> _Exercise instructions_: The whole listing, apart from its images, should be restated word for word.

-------- Source data --------

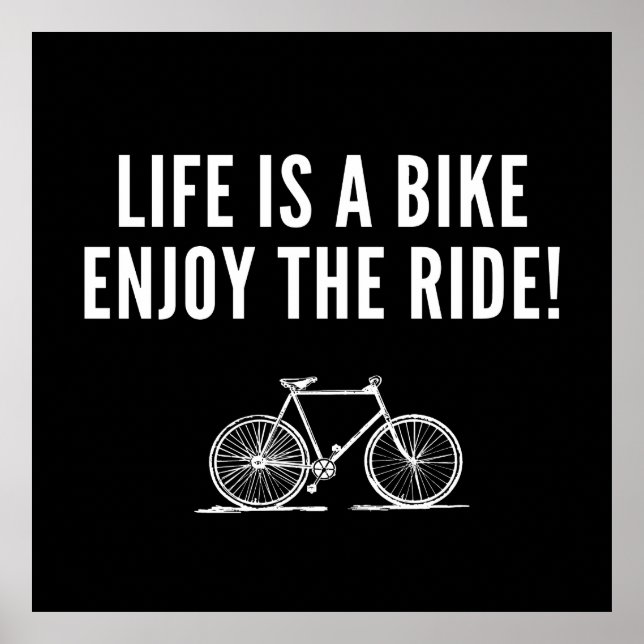 Póster citas de ciclismo inspirador (Frente)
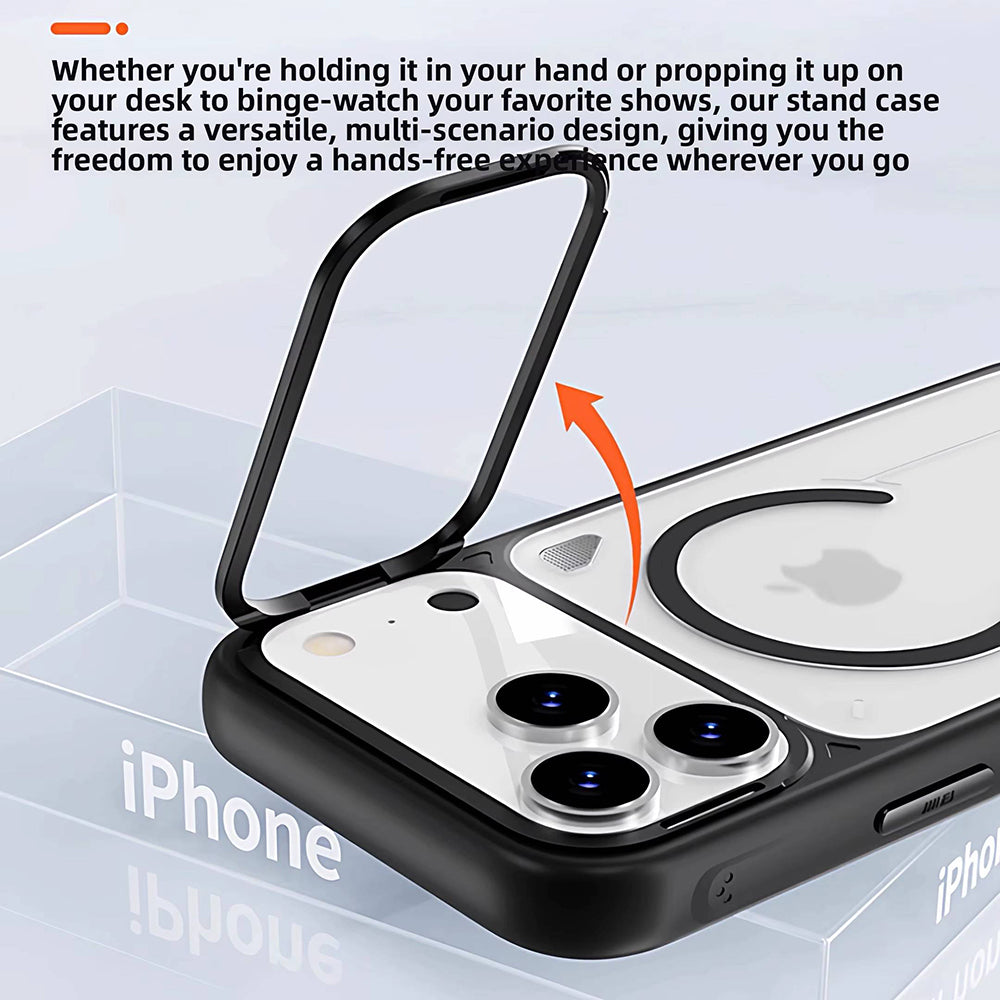 Θήκη MagSafe για Apple iPhone 18 Pro / 17 Pro, Blueo, βάση απαγωγής θερμότητας, σατινέ διάφανη πορτοκαλί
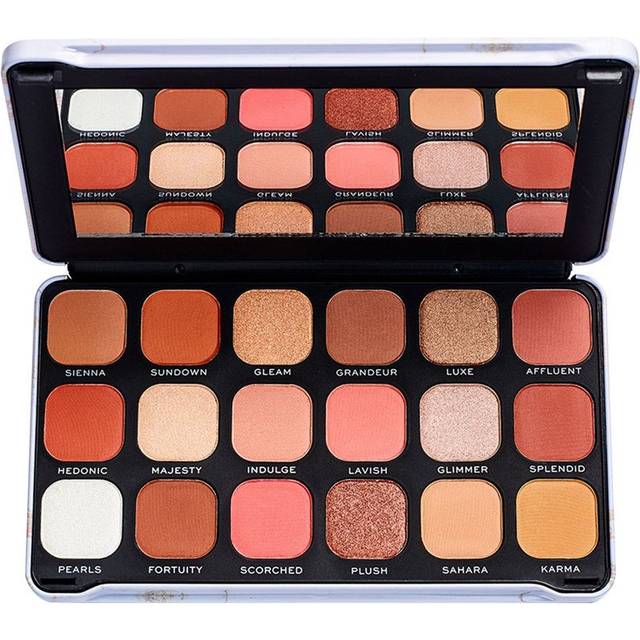 Makeup Revolution Forever Flawless Decadent, Eyeshadow Palette, Create Long-Lasting Eye Makeup Looks, Vegan & Cruelty-Free, 20g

--------

> _Output for this task_:
 Póster citas de ciclismo inspirador (Frente)
 Θήκη MagSafe για Apple iPhone 18 Pro / 17 Pro, Blueo, βάση απαγωγής θερμότητας, σατινέ διάφανη πορτοκαλί
 Makeup Revolution Forever Flawless Decadent, Eyeshadow Palette, Create Long-Lasting Eye Makeup Looks, Vegan & Cruelty-Free, 20g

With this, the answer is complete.